Local photographer has trouble getting compensated for photo use

Better Call Jackson

If you take a picture and a company uses that picture for commercial purposes, should you be compensated?

Mike Gonnella contacted Better Call Jackson after a photo he took was used without pay or courtesy credit to him. He doesn’t consider himself a professional but rather a hobby and felt he had reached an agreement with a local venue.

“Our agreement was I provide photos as long as you get me access and provide me with a little bit of credit when you use them,” says Gonnella.

But when his pictures were used without a watermark or courtesy credit, he contacted the organization.

“They said, it was a mistake and everything kind of held there for a while until another photo was used and it seems like it really wasn’t a mistake and they weren’t doing anything to fix the problem,” said Gonnella.

Michael Smith practices business law and securities law at Carile Patchen & Murphy.

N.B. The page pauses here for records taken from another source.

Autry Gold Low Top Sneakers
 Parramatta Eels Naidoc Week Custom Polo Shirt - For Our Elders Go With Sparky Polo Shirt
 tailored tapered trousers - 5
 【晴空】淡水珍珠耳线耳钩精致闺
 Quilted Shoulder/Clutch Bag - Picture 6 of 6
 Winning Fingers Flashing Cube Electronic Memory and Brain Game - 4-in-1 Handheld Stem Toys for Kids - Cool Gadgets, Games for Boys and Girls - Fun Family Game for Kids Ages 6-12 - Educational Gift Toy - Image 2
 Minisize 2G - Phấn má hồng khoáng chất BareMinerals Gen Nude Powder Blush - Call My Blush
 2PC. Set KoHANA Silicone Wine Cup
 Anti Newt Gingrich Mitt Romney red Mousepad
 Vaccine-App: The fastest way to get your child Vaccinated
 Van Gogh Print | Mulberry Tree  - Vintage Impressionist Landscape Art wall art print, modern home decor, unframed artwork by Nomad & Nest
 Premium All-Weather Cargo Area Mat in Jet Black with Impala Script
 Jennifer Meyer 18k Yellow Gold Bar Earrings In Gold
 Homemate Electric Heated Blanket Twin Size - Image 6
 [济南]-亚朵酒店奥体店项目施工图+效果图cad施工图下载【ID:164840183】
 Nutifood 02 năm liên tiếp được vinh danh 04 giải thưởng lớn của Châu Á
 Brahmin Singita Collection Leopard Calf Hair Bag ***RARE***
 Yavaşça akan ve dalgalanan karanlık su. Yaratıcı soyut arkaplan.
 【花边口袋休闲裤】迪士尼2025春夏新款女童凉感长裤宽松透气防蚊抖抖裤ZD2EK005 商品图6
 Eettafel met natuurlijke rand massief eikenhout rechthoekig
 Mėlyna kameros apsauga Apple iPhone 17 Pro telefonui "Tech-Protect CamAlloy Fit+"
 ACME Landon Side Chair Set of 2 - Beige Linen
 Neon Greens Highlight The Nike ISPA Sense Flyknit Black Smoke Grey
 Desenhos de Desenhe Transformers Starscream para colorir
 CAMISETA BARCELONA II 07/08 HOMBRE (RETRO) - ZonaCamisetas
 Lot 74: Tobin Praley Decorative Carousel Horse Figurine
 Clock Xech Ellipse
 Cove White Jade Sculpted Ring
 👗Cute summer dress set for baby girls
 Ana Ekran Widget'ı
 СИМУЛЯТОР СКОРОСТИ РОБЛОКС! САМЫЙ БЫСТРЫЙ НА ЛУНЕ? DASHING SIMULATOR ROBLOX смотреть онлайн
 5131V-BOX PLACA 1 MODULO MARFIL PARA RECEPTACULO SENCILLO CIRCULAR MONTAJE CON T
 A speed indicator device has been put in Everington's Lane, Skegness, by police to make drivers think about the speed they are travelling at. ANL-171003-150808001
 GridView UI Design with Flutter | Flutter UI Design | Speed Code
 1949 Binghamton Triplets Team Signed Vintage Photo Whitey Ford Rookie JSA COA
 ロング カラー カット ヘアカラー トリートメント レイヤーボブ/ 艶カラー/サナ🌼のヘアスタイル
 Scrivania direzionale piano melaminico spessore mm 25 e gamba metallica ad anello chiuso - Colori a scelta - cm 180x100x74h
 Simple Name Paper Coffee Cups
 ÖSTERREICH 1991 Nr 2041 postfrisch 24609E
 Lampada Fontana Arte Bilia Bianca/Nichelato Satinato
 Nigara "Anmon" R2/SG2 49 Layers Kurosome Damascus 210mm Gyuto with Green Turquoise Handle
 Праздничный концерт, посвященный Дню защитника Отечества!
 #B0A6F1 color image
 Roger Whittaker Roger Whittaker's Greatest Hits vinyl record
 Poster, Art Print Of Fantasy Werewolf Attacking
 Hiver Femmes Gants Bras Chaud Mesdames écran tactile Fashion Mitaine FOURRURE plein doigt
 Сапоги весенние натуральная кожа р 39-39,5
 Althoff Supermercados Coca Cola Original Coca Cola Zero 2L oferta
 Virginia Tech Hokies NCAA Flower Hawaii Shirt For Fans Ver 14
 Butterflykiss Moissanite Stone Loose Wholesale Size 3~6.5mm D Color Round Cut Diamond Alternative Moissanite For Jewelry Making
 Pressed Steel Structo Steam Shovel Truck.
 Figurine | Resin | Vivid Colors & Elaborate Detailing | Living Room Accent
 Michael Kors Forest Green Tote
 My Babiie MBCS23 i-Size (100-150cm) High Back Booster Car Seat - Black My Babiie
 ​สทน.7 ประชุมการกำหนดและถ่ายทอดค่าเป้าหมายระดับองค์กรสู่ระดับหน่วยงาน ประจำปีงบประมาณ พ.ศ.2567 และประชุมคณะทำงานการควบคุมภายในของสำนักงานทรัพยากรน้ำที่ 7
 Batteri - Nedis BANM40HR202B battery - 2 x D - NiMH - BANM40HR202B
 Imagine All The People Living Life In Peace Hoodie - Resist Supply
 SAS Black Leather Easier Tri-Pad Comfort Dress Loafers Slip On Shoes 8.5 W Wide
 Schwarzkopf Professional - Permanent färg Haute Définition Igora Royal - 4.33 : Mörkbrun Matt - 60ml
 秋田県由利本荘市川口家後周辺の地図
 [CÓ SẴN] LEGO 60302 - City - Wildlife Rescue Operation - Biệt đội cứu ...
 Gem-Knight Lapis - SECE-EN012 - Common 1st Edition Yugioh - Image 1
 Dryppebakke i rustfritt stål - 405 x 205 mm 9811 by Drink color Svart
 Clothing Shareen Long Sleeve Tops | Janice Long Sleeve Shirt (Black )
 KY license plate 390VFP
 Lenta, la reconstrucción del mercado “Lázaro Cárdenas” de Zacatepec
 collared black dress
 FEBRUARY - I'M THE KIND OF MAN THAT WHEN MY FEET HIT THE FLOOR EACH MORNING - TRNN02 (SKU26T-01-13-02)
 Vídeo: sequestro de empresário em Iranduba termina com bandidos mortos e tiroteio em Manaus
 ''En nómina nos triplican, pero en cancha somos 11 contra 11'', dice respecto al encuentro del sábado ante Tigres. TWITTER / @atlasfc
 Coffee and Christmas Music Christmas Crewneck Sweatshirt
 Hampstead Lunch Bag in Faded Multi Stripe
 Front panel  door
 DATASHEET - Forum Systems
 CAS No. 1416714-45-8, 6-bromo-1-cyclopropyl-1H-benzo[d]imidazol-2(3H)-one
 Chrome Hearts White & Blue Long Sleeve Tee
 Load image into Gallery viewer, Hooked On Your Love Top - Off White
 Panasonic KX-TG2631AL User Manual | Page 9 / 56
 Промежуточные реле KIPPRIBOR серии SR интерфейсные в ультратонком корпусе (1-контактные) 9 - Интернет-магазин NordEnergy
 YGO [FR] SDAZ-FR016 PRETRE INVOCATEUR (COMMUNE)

He says even amateurs have rights.

“It doesn’t make a difference from the standpoint of the person using your video or your photograph you should have the same rights as a professional,” says Smith.

To avoid a similar situation, Smith suggests spending a few dollars to register your copyright.

“You can go online, you can do it yourself the online registration is $35 if you do it on paper, $65. So not much cost to it, most people can do it themselves they don’t need counsel to handle that for them,” says Smith.